◆ What this task involves
Restate the listing word for word. Stop at the line that holds "A modern bathroom", include it, and leave out all pictures.
● ● ● ● ● ● ●
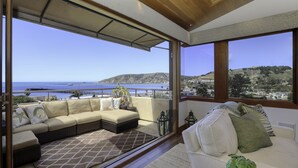 Een balkon met een bank en stoelen, met uitzicht op de zee en een steiger.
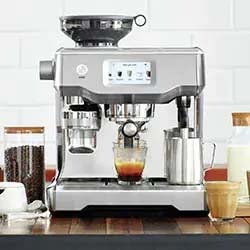 A sleek, silver espresso machine on a wooden counter, brewing coffee into a clear glass. Surrounding are jars of beans, milk, and a silver frothing pitcher, against a white tile backdrop.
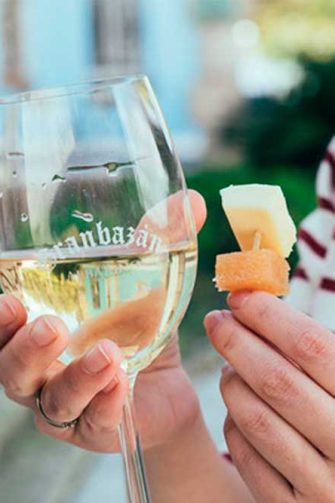 Chica con vaso de vino y tapa de queso en la mano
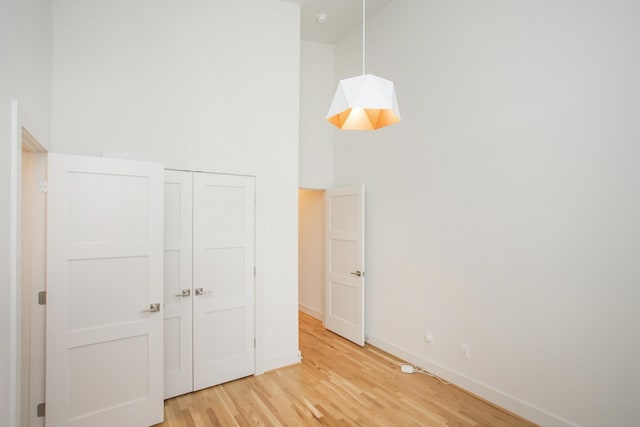 unfurnished bedroom with hardwood / wood-style flooring, a high ceiling, and a closet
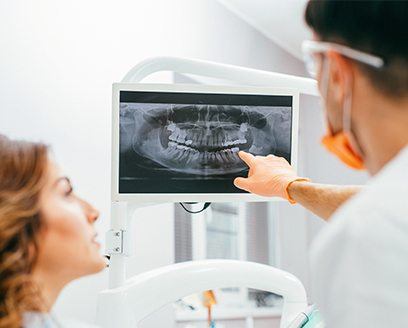 Dentist and patient looking at x rays of teeth
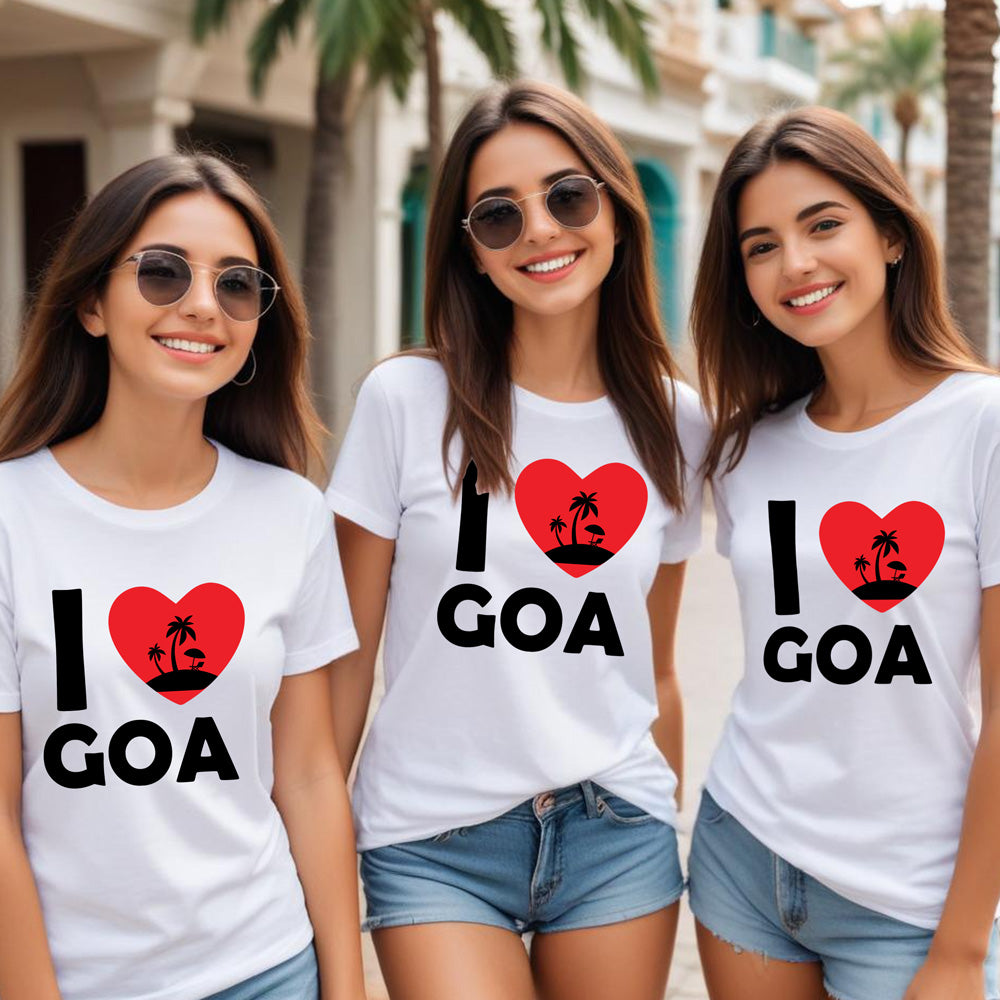 Three women wearing 'I ❤️ Goa' t-shirts on a street with palm trees.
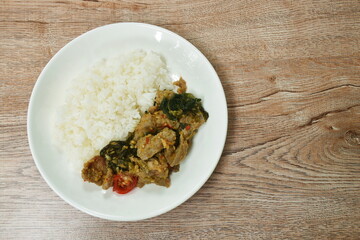 spicy fried slice kurobuta black pork with basil on rice in plate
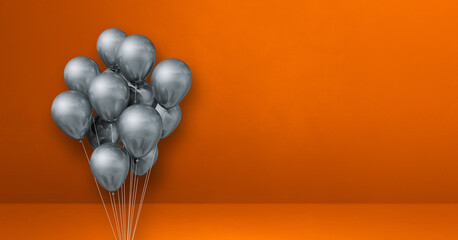 Silver balloons bunch on orange wall background. Horizontal banner.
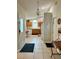 Open kitchen features wooden cabinets, tiled floor, and ample natural light for a welcoming cooking space at 2555 Oneida Loop, Kissimmee, FL 34747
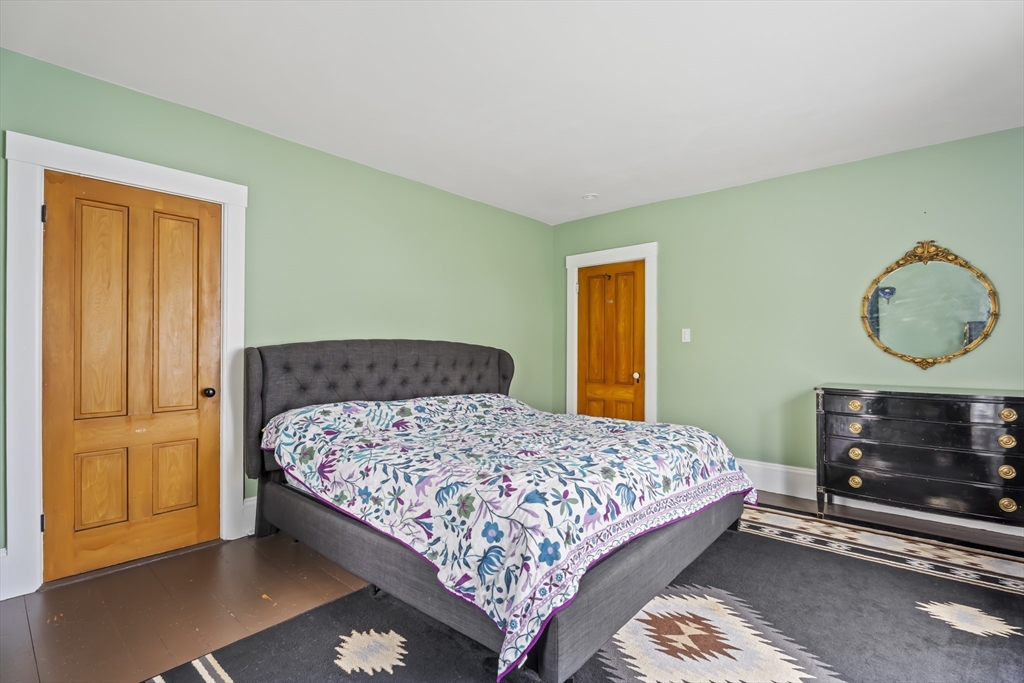 216 Walnut Street Clinton, MA 01510 - Photo 24 of 40 a bedroom with a bed a dresser and a window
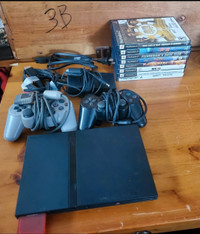 Slim Playstation 2 Console PS2-2 Mint Condition/8 Games & 2 Cont
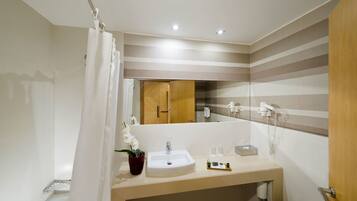 A modern bathroom with a sink, mirror, and shower curtain.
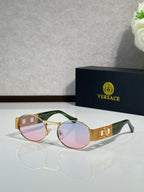 Round sunglasses with multicolor frames (gold and green) and pink tinted lenses.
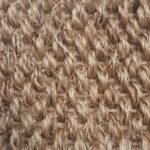 Close-up of a textured jute rug featuring a mix of warm tan and darker brown fibers.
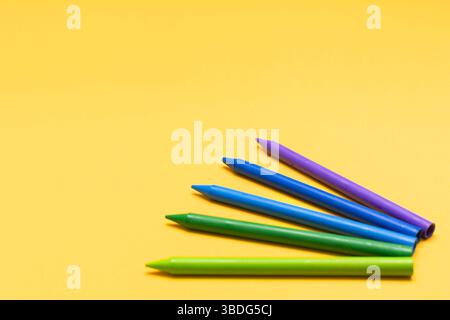 Fünf bunte Buntstifte in Fächerform auf hellgelbem Hintergrund. Minimalistische Komposition mit lebhaften Farben, geeignet für kreative und informative Zwecke Stockfoto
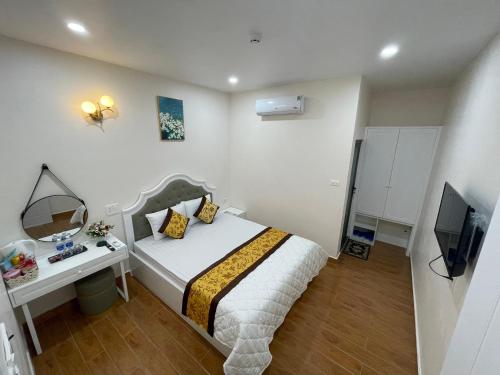 1 dormitorio con cama, espejo y TV en Thinh Gia Hotel, en Bến Cát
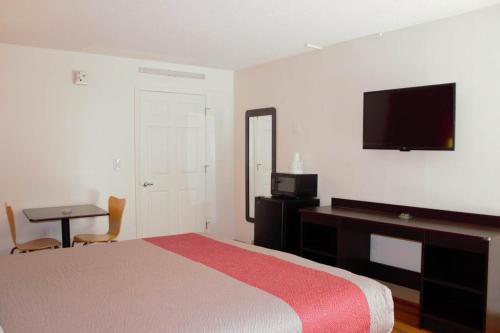 Un dormitorio con una cama, un escritorio y un televisor. en Motel 6-Cleveland, TN, en Cleveland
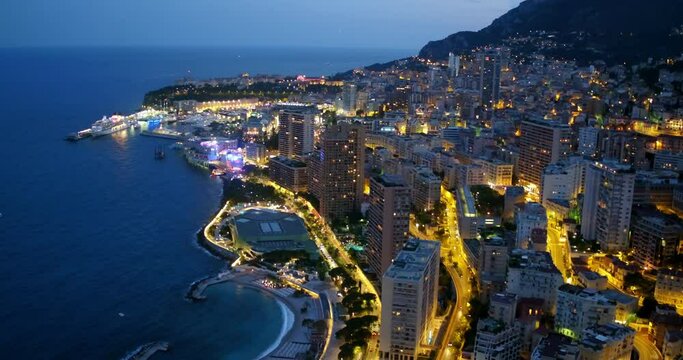 Aerial Backward Beautiful View Of City By Sea At Night - Monte Carlo, Monaco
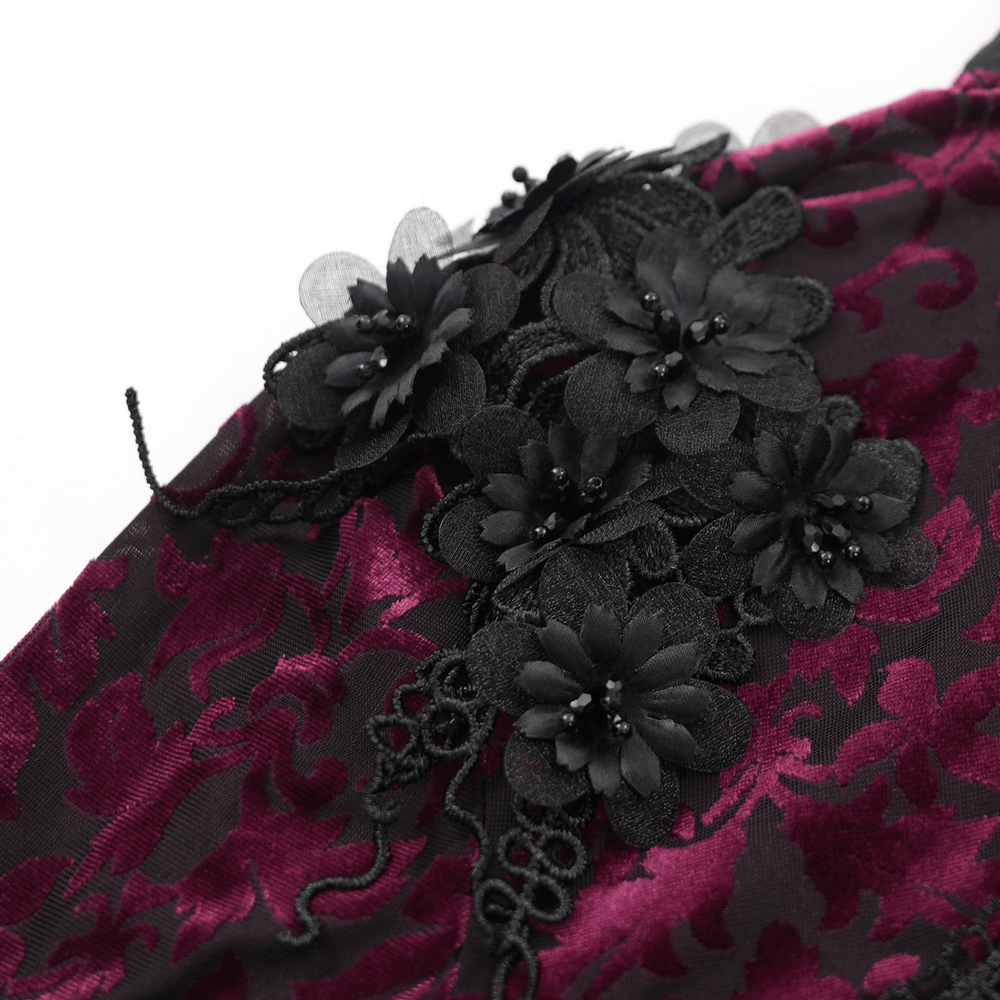 Close-up of intricate black floral lace detailing on burgundy gothic lace bolero capelet. Perfect for dark elegance.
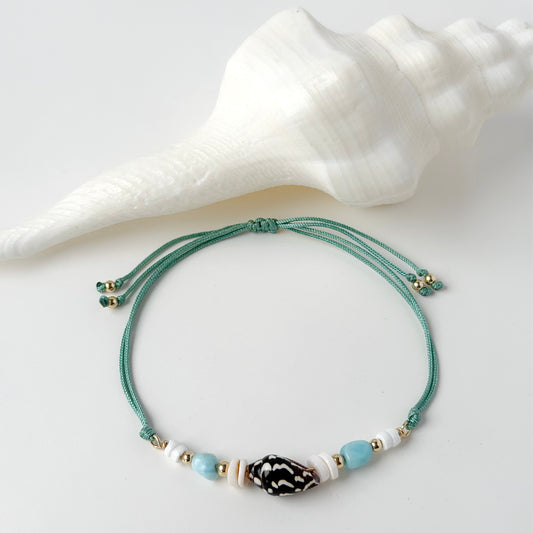 nylon teal cord bracelet with shell and gold beads on white background with white shell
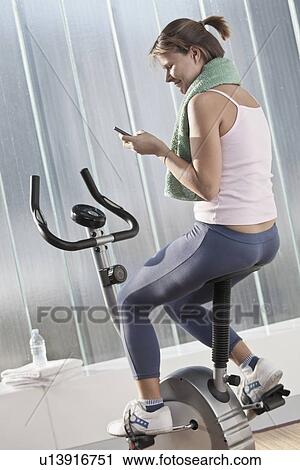 Stock Image - Woman on cell phone on exercise machine. Fotosearch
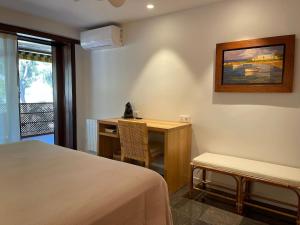 a room with a desk and a bed and a table at Eden Mar Sant Antoni de Calonge in Sant Antoni de Calonge +20 photos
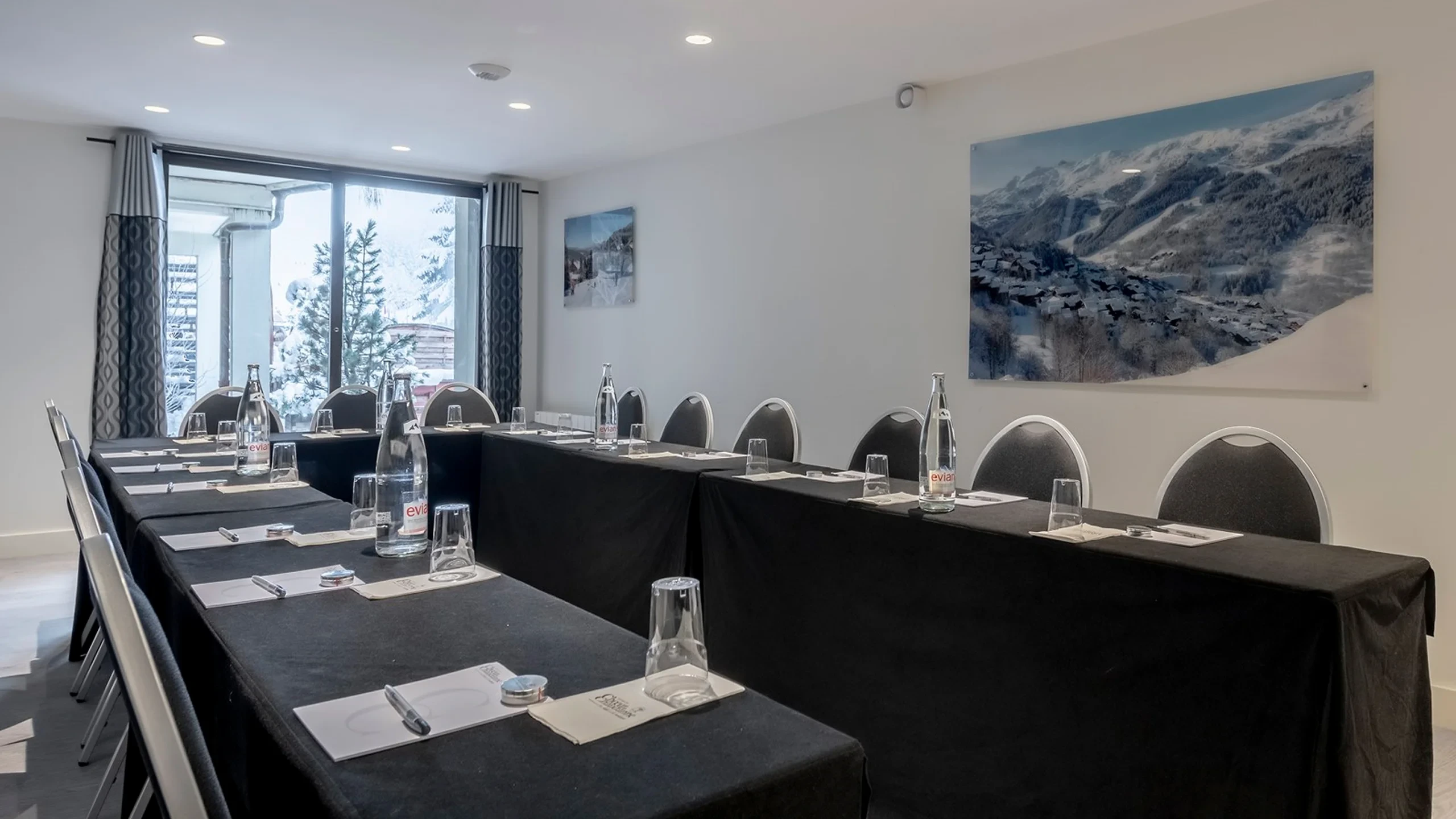 Salle de séminaire de l’Hôtel La Chaudanne à Méribel, avec tables en U et baie vitrée donnant sur des arbres enneigés.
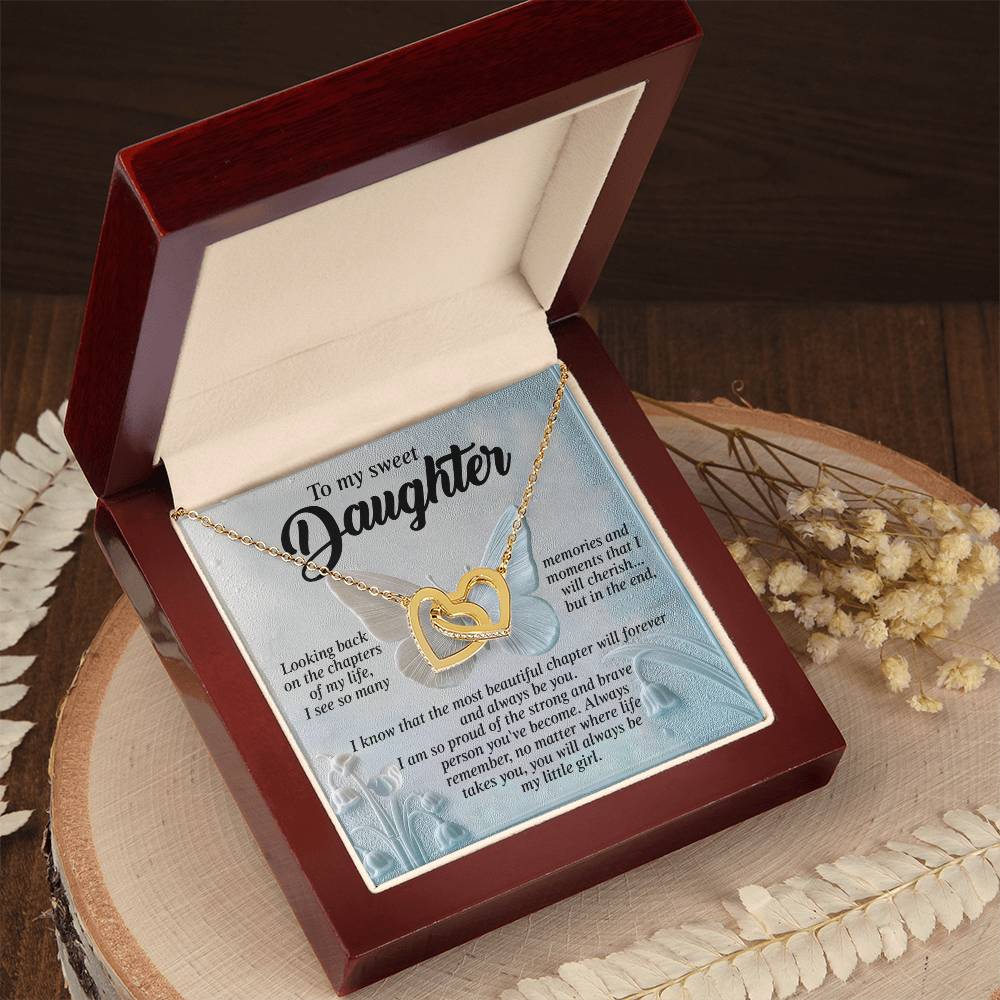 An open jewelry box reveals the "Daughter-Beautiful Chapter" Interlocking Hearts necklace, crafted in gold and embellished with cubic zirconia. Inside the lid, a heartfelt message of love and pride for a daughter is displayed. Dried flowers encircle the box on a wooden surface.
● ● ● ● ● ● ●
◆ Exercise response
 Een balkon met een bank en stoelen, met uitzicht op de zee en een steiger.
 A sleek, silver espresso machine on a wooden counter, brewing coffee into a clear glass. Surrounding are jars of beans, milk, and a silver frothing pitcher, against a white tile backdrop.
 Chica con vaso de vino y tapa de queso en la mano
 unfurnished bedroom with hardwood / wood-style flooring, a high ceiling, and a closet
 Dentist and patient looking at x rays of teeth
 Three women wearing 'I ❤️ Goa' t-shirts on a street with palm trees.
 spicy fried slice kurobuta black pork with basil on rice in plate
 Silver balloons bunch on orange wall background. Horizontal banner.
 Open kitchen features wooden cabinets, tiled floor, and ample natural light for a welcoming cooking space at 2555 Oneida Loop, Kissimmee, FL 34747
 216 Walnut Street Clinton, MA 01510 - Photo 24 of 40 a bedroom with a bed a dresser and a window
 Slim Playstation 2 Console PS2-2 Mint Condition/8 Games & 2 Cont
 A modern bathroom with a sink, mirror, and shower curtain.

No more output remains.